IBM doesn’t make electronic medical records. But it does make hardware and software that aims to make electronic health records work better. From algorithms that help health-care providers determine for certain the identity of a patient, to clinical protocols in China that guide providers’ decisions on whether it’s best to employ Eastern or Western medicine, IBM’s reach in the health-care sector is growing. The company’s vice president of Global Healthcare Delivery Systems, Sean Hogan, will be in Boston for next week’s Health IT conference, convened by Gov. Deval Patrick and featuring U.S. Secretary of Health and Human Services Kathleen Sebelius. This comes on the heels of today’s deal with Watertown-based athenahealth Inc. to provide voice, data and administrative support for revenue cycle management and clinical data management products. IBM has made 12 acquisitions in Massachusetts since 2003. Hogan spoke to Mass High Tech’s Julie Donnelly.
Why is health care important to IBM?
We look at it like this. We’re self insured and we provide health coverage to 430,000 lives in the United States, that’s our employees, their dependents and our retirees.... Since we are a global company, we’ve been able to look at patterns of care internationally and domestically. In general, we’ve seen an inverse relationship between what we spend and what we get out. Higher cost areas tend not to deliver the best quality. We’ve used our understanding of that to help inform the solutions we develop into the market.

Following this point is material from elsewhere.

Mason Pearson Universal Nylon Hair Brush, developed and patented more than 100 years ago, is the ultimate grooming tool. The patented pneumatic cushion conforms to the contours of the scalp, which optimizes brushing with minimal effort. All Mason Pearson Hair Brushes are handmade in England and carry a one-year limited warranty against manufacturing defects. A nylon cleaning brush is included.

How big is this part of IBM’s business?
We don’t break out revenue for the division. Our chairman has said publicly that it’s a $4 billion business. It’s actually probably substantially bigger than that, depending on how you define the extent of it. It’s growing, it has been growing for quite some time now and we see a lot of potential for it because of the stimulus money, because of the changes that are playing out in the system and a broad recognition that information technology is a big part of what’s going to enable the improvements in the system that we need.
IBM is heavily involved with health data analytics, secondary use of data to help improve health outcomes. But the average community hospital is just starting to move away from clipboards. How do we get from here to there?

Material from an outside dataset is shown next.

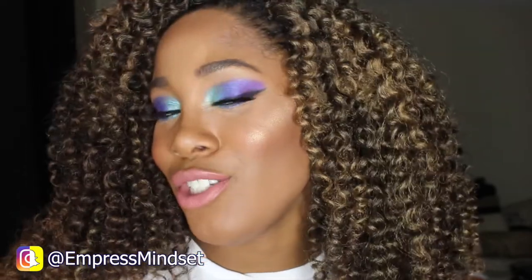Hi everyone and welcome back to my channel. Today I'm coming to you with this colorful look. I got this idea from Tyme the Infamous, so go check out her channel — she has a lot of cool colorful looks. If you want to see what I did to achieve this look, then keep watching.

For the past decade we’ve been on this slow walk of adoption, and essentially it’s just been taking paper process and making it digital, which on one level is valuable but the extent of value that that can provide is relatively limited. When you have the information that can actually connect between systems and you have enough of a usage base, you can go into whole new sources of information. You can trigger alerts, you can see patterns in care.
You’re here for the governor’s conference. Do you hope to contract with the state on its fledgling Health Information Exchange, designed to connect health-care institutions and providers across the state?

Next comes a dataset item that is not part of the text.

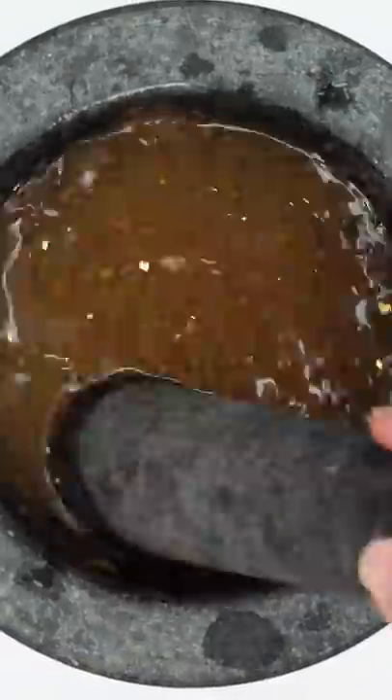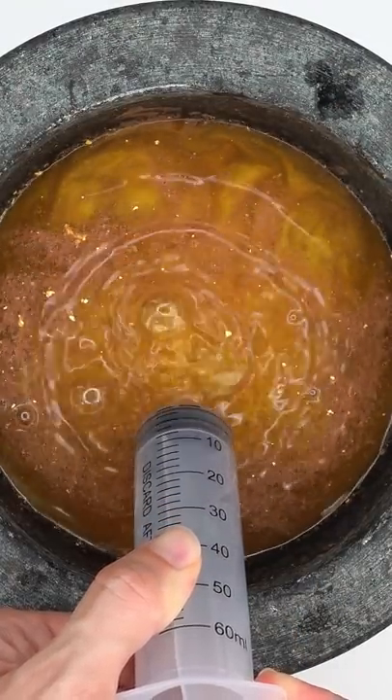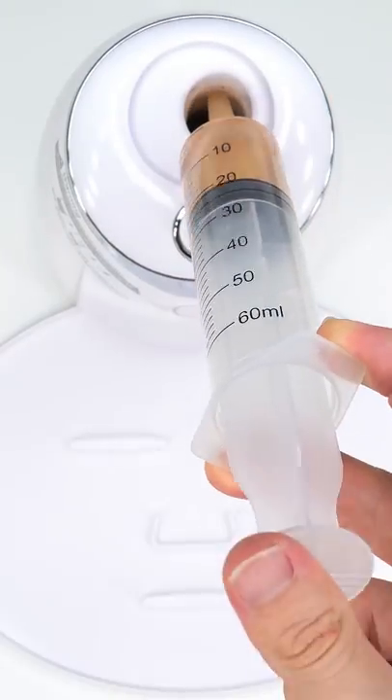Mix, mix, mix. Bubbles. Suck it up. Inject the chocolate. Add the white stuff.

We are very active in the state information exchanges. Earlier this year we acquired a company called Initiate Systems and they already do a fair amount of work in this state. What their core technology is, it’s probabilistic algorithms that help reconcile identities, so if you have information from different sources you can tell whether the information is truly about the same person or not. If you’re going to be exchanging information, you got to know that the person that you’re talking about is the same Sean Hogan. We’re working with about a dozen states on health information exchangers. We also do fraud detection work to help states identify medical fraud, which is a huge issue. It’s estimated that between 3 percent and 10 percent of all health-care cost is fraudulent. So for Massachusetts, for instance, that’s running into hundreds of millions of dollars.